Watching what happens: events, the Display, and the Viewer

Two ways to see what the VM is doing:

  • Events. QEMU emits async events — a reset, a shutdown, a device change. The server keeps a bounded ring buffer of the recent ones for the current Instance, and the agent reads it pull-style: get_events drains what's new since a cursor, wait_for_event blocks until a named event arrives (or times out). No firehose to manage.
  • The Display and the Viewer. Ask for a vnc Display in the spec and QEMU exposes the guest's screen over VNC, on loopback only. Turn on the Viewer — an optional, in-process noVNC bridge — and you can watch and control that screen in a browser. The Viewer is password-gated and reads the Display only; it never touches the QMP Session. It's ideal for babysitting an OS installer, or just seeing what the agent sees. Most machines (virt, q35, …) have no built-in display, so pair display: vnc with a displayDevicevirtio-gpu (a real GPU with DRM, so Wayland/X desktops render), vga, or ramfb. Use vga for a live ISO or any boot where the boot menu / early console must be visible: virtio-gpu shows nothing until the guest loads its DRM driver, so an ISO's bootloader can't draw on it. The raspi* boards render over their built-in framebuffer, so they stay displayDevice: none. (Booting a distro this way also takes initrd alongside kernel — the usual kernel + initramfs + rootfs.)

Talking to the server: transports and authentication

The server speaks MCP over stdio (the default — how most clients launch a server directly; no network, no auth) or over HTTP (for a networked deployment), or both at once. The HTTP transport is fail-closed: it refuses to start without authentication — an API key, or a signed HS256 token — unless you explicitly opt into insecure mode for local use. A server that can build and run VMs has no business being reachable unauthenticated. It runs as a non-root user in every mode and never needs --privileged.

The tools

The agent's vocabulary — the actions it can take:

ToolWhat it does
create_instance / destroy_instancebuild & launch the Instance from a Hardware Spec / tear it down
get_instance / get_statusthe current Instance + lifecycle state / the live guest run state
get_sharereport the host↔guest folder-sharing config + the exact 9p mount command for the guest
pause_instance / resume_instancefreeze / unfreeze the guest CPUs
reset_instance / powerdown_instancehard reset / request a graceful ACPI shutdown
list_block_devices / query_cpusthe VM's disks & backing media / per-CPU info
screendumpa PNG screenshot of the Display
get_events / wait_for_eventrecent QEMU events / block until a named one arrives
qmp_executea raw QMP command, gated by the Command Policy
create_image / list_images / list_isosmake a disk image / list disks / list boot ISOs

For the exact per-implementation tool tables, see the TypeScript and Rust READMEs.

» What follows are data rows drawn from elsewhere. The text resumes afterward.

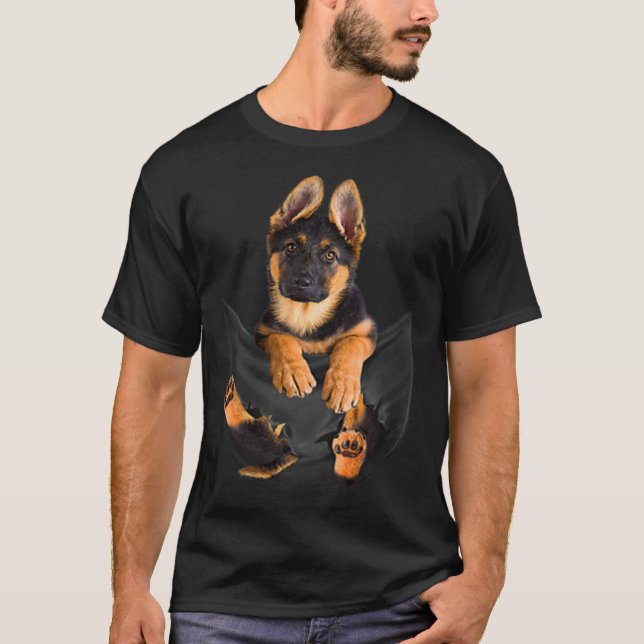 Funny German Shepherd Dog In Pocket T-Shirt (Front)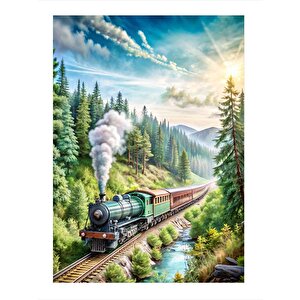 Tren Manzarası Mdf Tablo 35cm X50cm 35x50 cm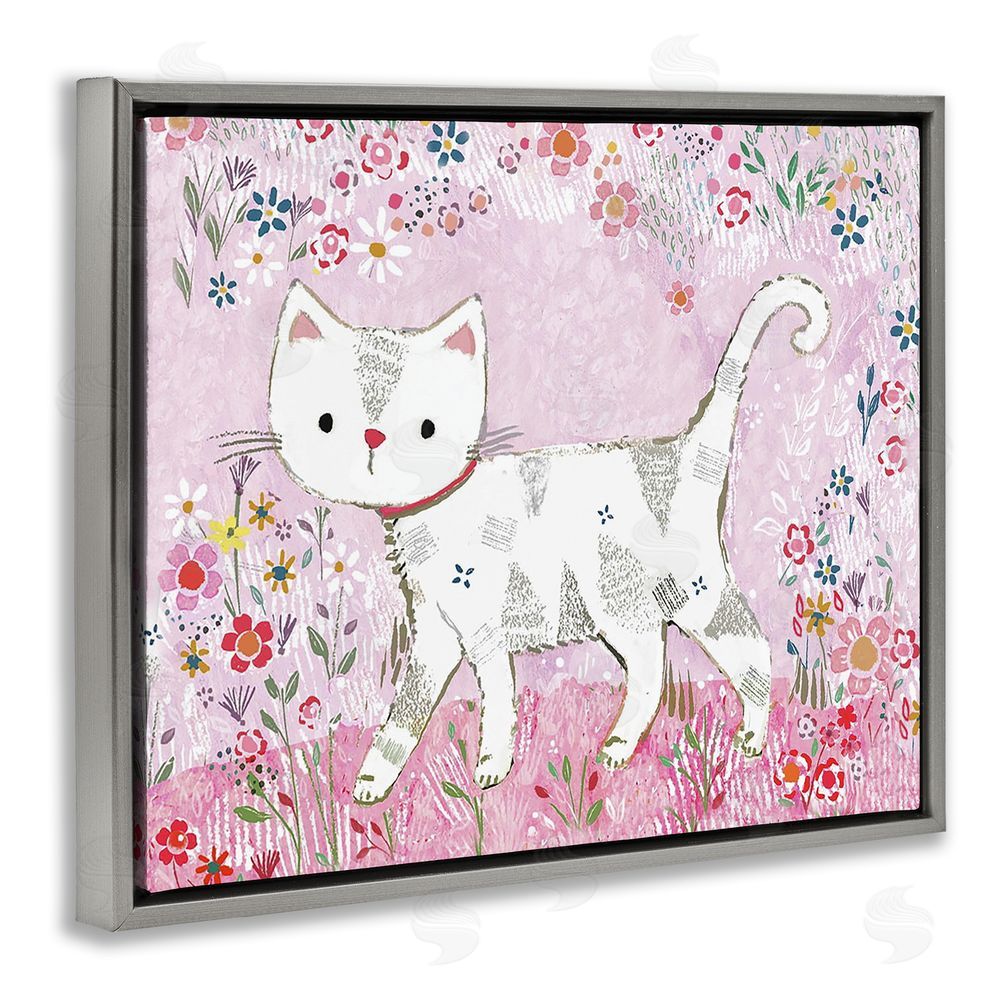 Clare Tupper Walking Cat on Pastel Pink Gray Floating Frame Canvas Wall Art Print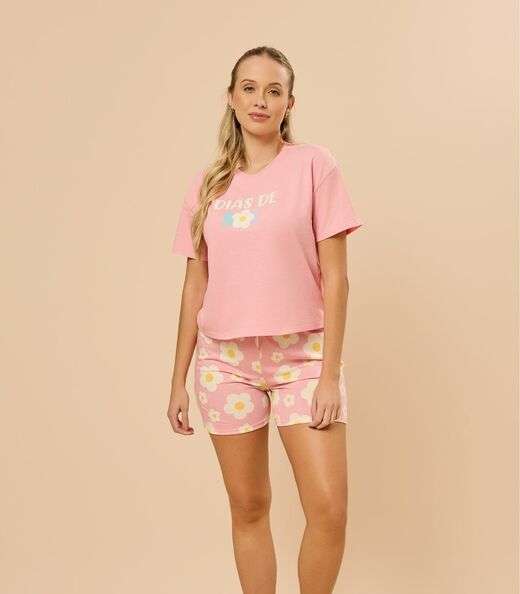 Image_Pijama Feminino Manga Curta Meia Malha Evanilda Rosa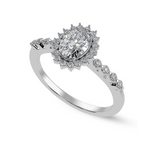 Load image into Gallery viewer, 70-Pointer Oval Cut Solitaire Halo Diamond Shank Platinum Ring JL PT 1252-B   Jewelove.US
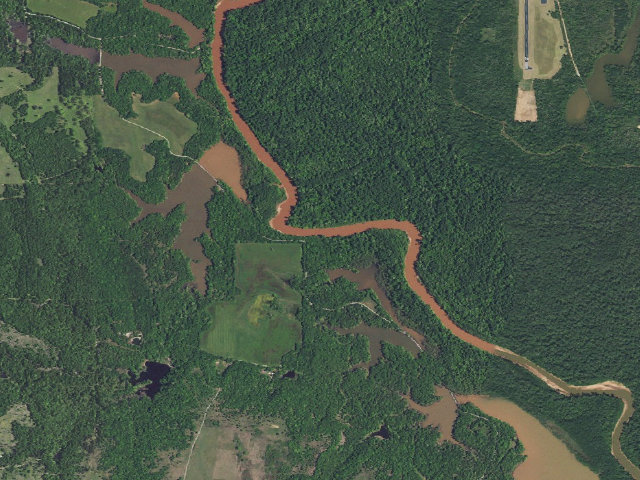 Aerial image of Rattlesnake River access (Tishomingo WMU)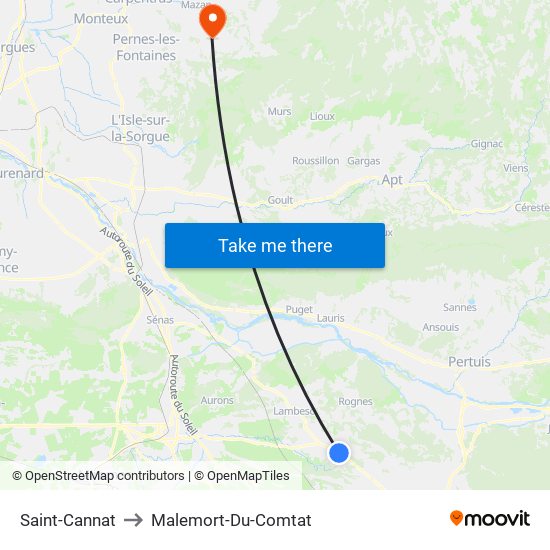 Saint-Cannat to Malemort-Du-Comtat map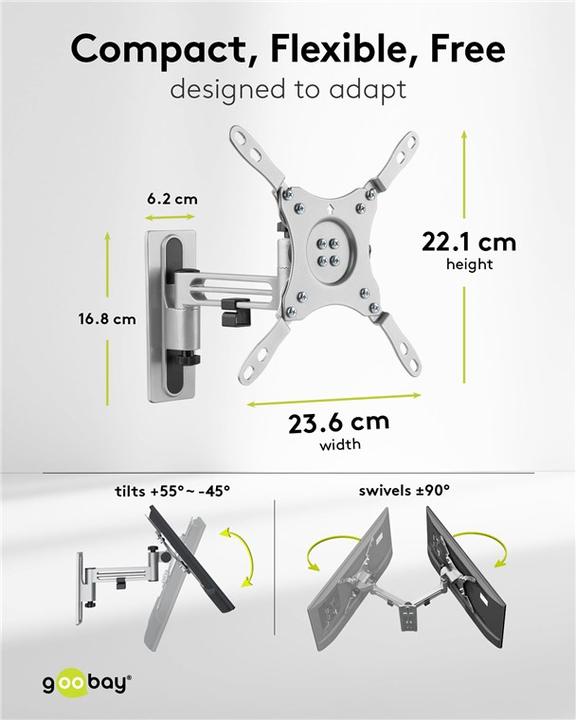 Produktbild Goobay TV-Wandhalterung Caravan FULLMOTION M, Silber (Wand, 43", 15 kg)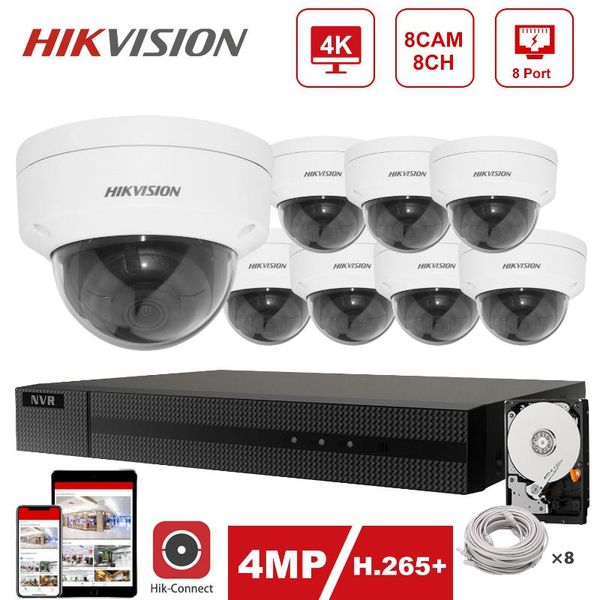 

hikvision ip nvr security kit 4k 8ch poe nvr 8pcs hikvision poe ip camera 4mp ds-2cd1143g0-i indoor/outdoor 30m ir plug and play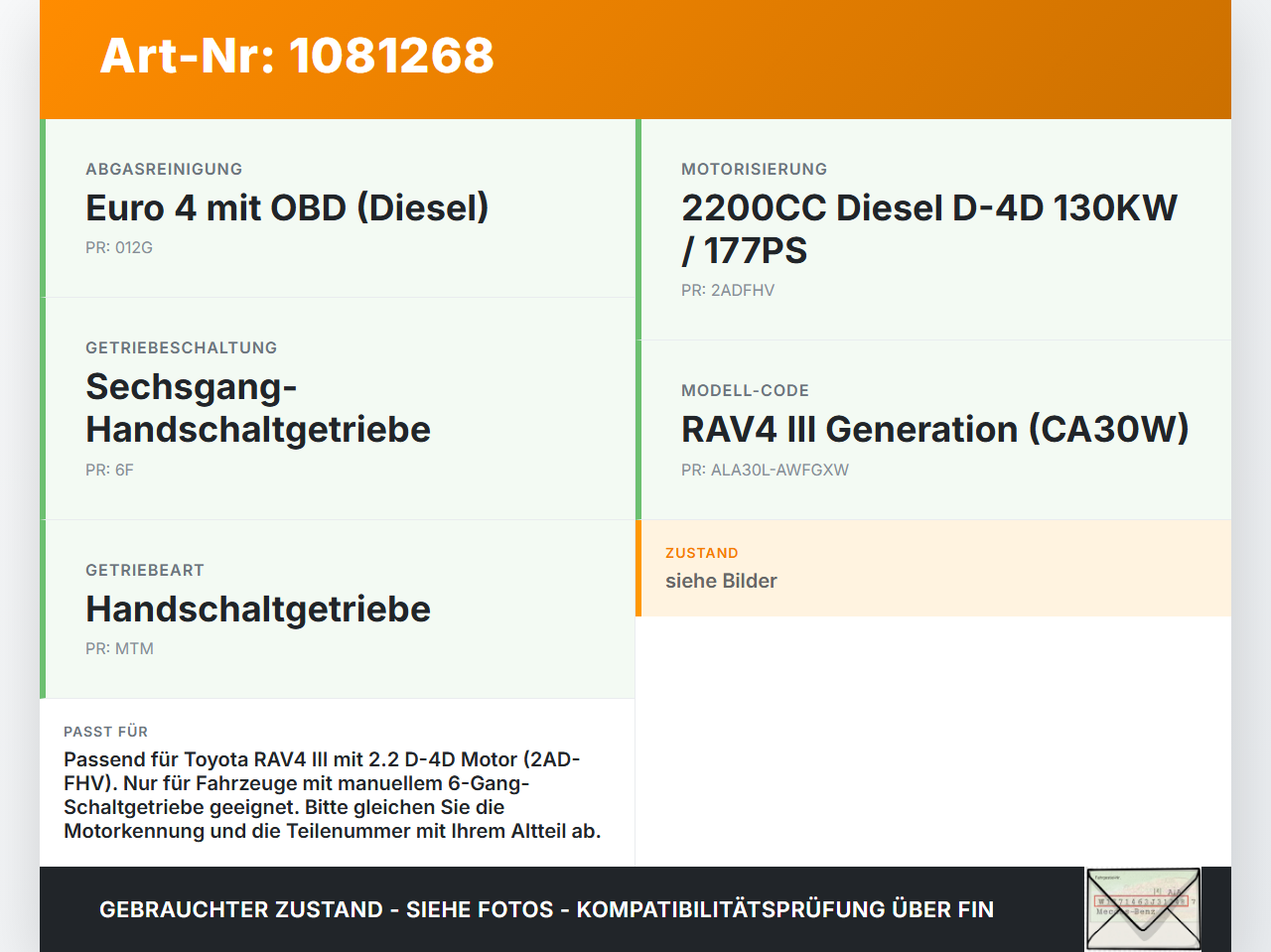 Toyota RAV4 III CA30W 06-13 D-4D 2,2 130KW 2AD-FHV Ausgleichswelle Toyota RAV4 III CA30W 06-13 13.11.2006 gebraucht Vorschau 3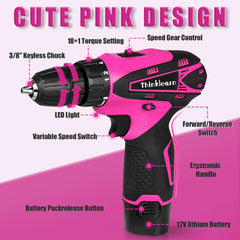 Thinklearn Pink Drill Set with 12V Cordless Drill-TL0007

Quick start: common scenarios

The server runs wherever QEMU is installed. First get one of the implementations running and point your MCP client at it — run the TypeScript variant or run the Rust variant — then ask your agent to do something. The scenarios below are what that looks like: each is a Hardware Spec (the arguments to create_instance) plus whatever you had to put in place first.

1. A scratch VM to poke at

Nothing to set up — just ask for a small machine and drive it.

"Boot a 1 GB Linux VM and tell me its run state."

The agent calls create_instance with a minimal spec, then get_status; destroy_instance cleans up:

{ "machine": "q35", "cpu": "host", "vcpus": 1, "memoryMb": 1024, "accel": "auto" }

(With no disk or ISO there's nothing to boot — perfect for a smoke test; add media for the real thing.)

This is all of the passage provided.